アーティスト紹介

■これまでこのWSCプレゼンテーション報告書は『ホビージャパン』と『モデルグラフィックス』というふたつの模型雑誌に「広告出稿」というかたちで掲載してきたのですが、アマチュアディーラーによるガレージキット即売会イベントとしてのワンフェスと模型雑誌の読者層が徐々に(しかし確実に)ズレてきているという現実、そして、「『ワンダーショウケース(以下WSC)』公式Webサイトがきちんと定着したいま、模型雑誌にWSCプレゼンテーション報告書を掲載するのは得策ではない(というか、じつはまちがっている)のではないか?」という話へ至り、今回からはWSC公式Webサイトにてプレゼンテーション報告を行うことと相成りました。
 模型雑誌にてこれまでWSCプレゼンテーション報告書を読まれていた方には「お久しぶりです」、模型雑誌に掲載されていたWSCプレゼンテーション報告書の存在を知らなかった方には「はじめまして」。このWSCプレゼンテーション報告書は、ワンフェス当日にWSCアーティストたちの作品がどのような売れ方をしたか=信任投票をされたかを赤裸々に報告すると同時に、「レジンキャストキットのリアルな現在(いま)」をアマチュアディーラーの皆さんと共有していくためのリポートだと考えてください。


■さて、第30期WSCのプレゼンテーション報告書を綴るには、まずは今期のWSCが置かれた状況の特殊さをきちんと説明する必要があるかと思います。
 第29期WSCのプレゼンテーションが実施されたのは、1年前の'15年2月8日(日)に開催された冬のワンフェスでした。そして、同年の7月26日(日)に開催された夏のワンフェスに向け、じつは第30期WSCアーティスト3名にはすでに'14年末の時点で「ほぼ内定」が出ていたのです(つまり見方を変えるならば、'14年夏のワンフェスにはあまりにも優れた作品が多数出品されていたということです)。
 が、レーベルプロデューサーであるぼくが'14年12月末より体調を崩してしまい、1ヶ月以上にわたる入院を経た末に'15年冬のワンフェスを欠席せざるをえなかったがため、話が非常にややこしくなってしまいました。

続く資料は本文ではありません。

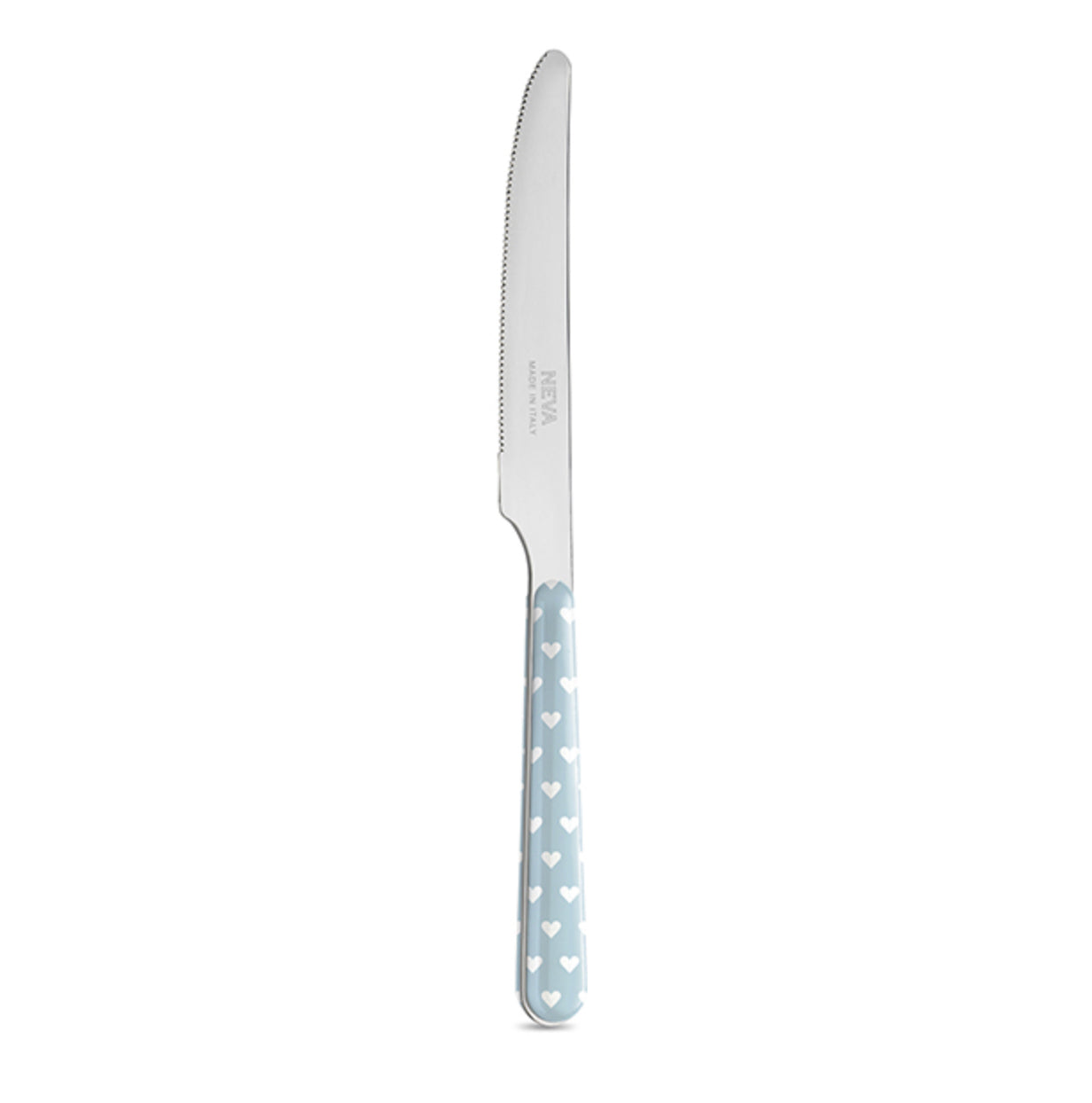 coltello tavola cuori azzurro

 どういうことかと言うと……'15年冬のワンフェス会場にて次期WSCアーティスト候補探しを行わなかった(行えなかった)以上、いかにほぼ内定が出ていたとはいえ、第30期WSCアーティスト候補だった3名をそのままスライドして'15年夏のワンフェスにてプレゼンテーションを行ったとした場合、WSCとしての根本的な理念が崩壊しかねません。何せ、「'15年冬のワンフェスにて優れた作品を発表していた造形作家がいたとしたら、その存在を無視することに繋がってしまうから」です。
 この問題を宮脇修一センムを筆頭とするWSCスタッフ一同と真剣に話し合った結果、そこで導き出された結論は以下のようなものでした。

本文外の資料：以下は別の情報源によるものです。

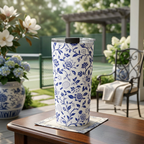 Blue Willow Pickleball Floral 20oz Stainless Steel Tumbler — Fine China Energy, Court-Ready Soul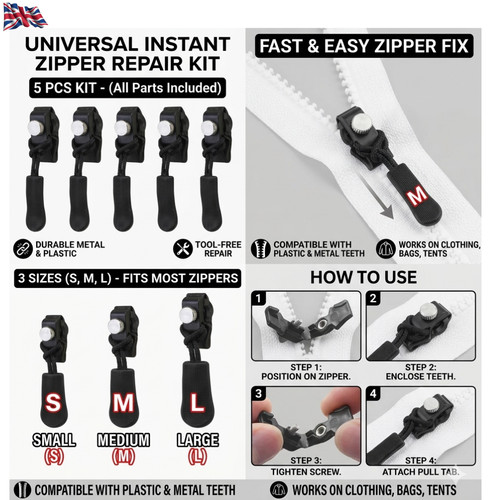 Universal detachable zipper - universal,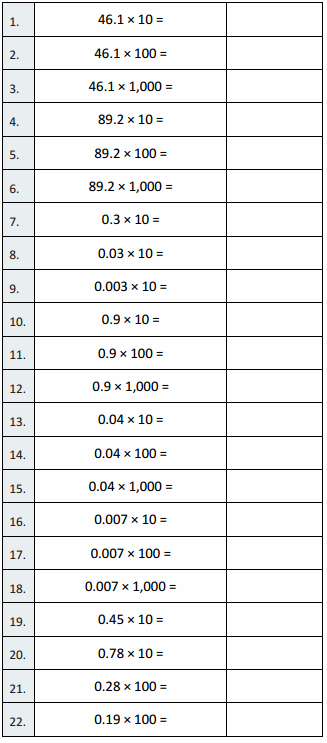 Eureka Math Grade 5 Module 1 Lesson 5 Sprint Answer Key 3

 「'15年夏のワンフェスではWSCのプレゼンテーションを『1回休み』とし、'15年夏のワンフェス会場で再びきちんと次期WSCアーティスト候補探しを行う。その上で、'15年夏のワンフェスで新たに見つけた才能や作品と、すでにほぼ内定が出ていた第30期WSCアーティスト候補3名をフラットな視点にて両天秤にかけ、そして真の第30期WSCアーティストを決定しよう」。

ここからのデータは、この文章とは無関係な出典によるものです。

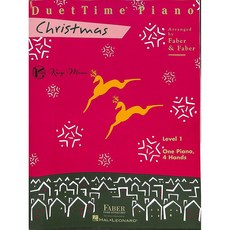芬貝爾鋼琴教程 聖誕曲集 鋼琴四手聯彈樂譜 第1級, 紅色, 1個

 確かに真剣に考えれば考えるほどこれ以外の選択肢は存在しなかったわけですが、ただし、このことにより、ほぼ内定が出たまま宙ぶらりんの状態になっていた第30期WSCアーティスト候補たちが落選に至ってしまう可能性も生じてしまったということです。
 この事実には正直な話、胃に穴が空くほど悩みに悩んだのですが……ただし幸か不幸か、あまりにも高水準であった'14年夏のワンフェスを凌ぐ出品作品を見いだすことができなかったため、結果、「ほぼ内定」の状態で止まっていた3名の次期WSCアーティスト候補をそっくりそのまま第30期WSCアーティストとして正式にプレゼンテーションできることとなったのでした。
 つまり、第30期WSCアーティストの3名には丸1年にわたって気を揉む状態を強いてしまったわけで、本当にいくら謝っても謝り切れないというのが実情なのです。WSC#078 岩元邦仁、WSC#079 のら、WSC#080 saiの3名には、改めてこの場を借りてお詫びさせていただきます。本当に申し訳ございませんでした。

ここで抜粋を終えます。